• [TASK MATERIAL]:
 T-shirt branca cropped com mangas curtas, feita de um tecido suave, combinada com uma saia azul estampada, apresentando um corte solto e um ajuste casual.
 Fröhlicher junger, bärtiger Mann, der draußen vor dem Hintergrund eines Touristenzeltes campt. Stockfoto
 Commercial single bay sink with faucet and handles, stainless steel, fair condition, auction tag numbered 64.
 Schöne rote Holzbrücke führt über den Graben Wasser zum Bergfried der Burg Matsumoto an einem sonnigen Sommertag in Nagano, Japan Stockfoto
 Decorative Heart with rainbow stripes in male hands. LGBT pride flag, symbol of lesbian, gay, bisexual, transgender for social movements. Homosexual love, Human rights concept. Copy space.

...

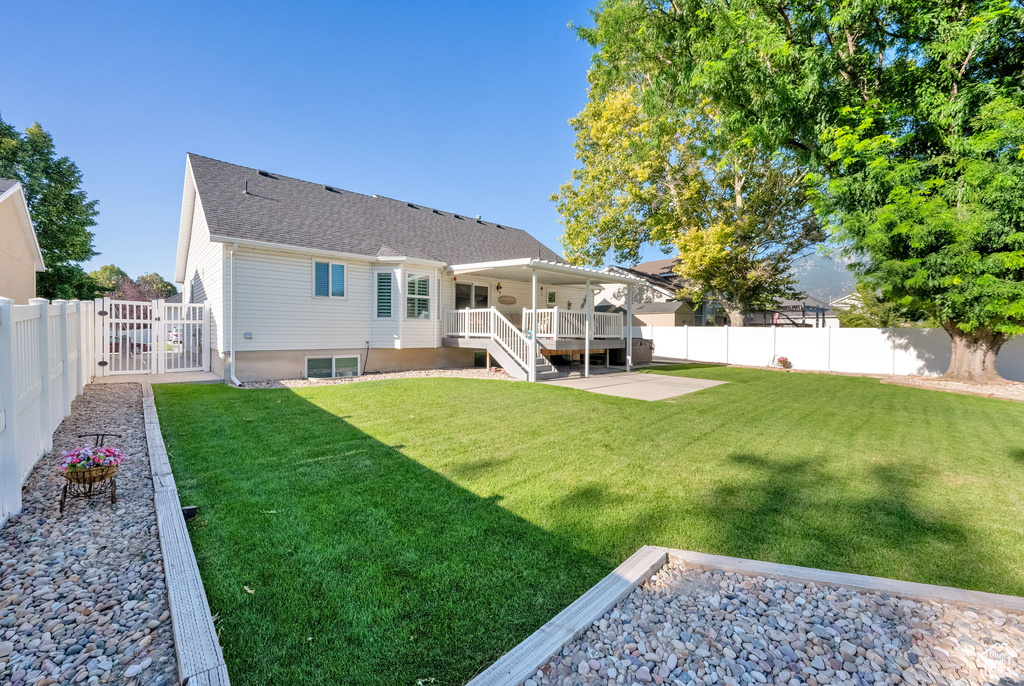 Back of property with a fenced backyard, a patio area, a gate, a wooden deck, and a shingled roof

• [EXERCISE REQUIREMENTS]: Search the lines above for the string "Stockfoto", then show every one that has it.

• [SOLUTION FOR THIS TASK]:
 Fröhlicher junger, bärtiger Mann, der draußen vor dem Hintergrund eines Touristenzeltes campt. Stockfoto
 Schöne rote Holzbrücke führt über den Graben Wasser zum Bergfried der Burg Matsumoto an einem sonnigen Sommertag in Nagano, Japan Stockfoto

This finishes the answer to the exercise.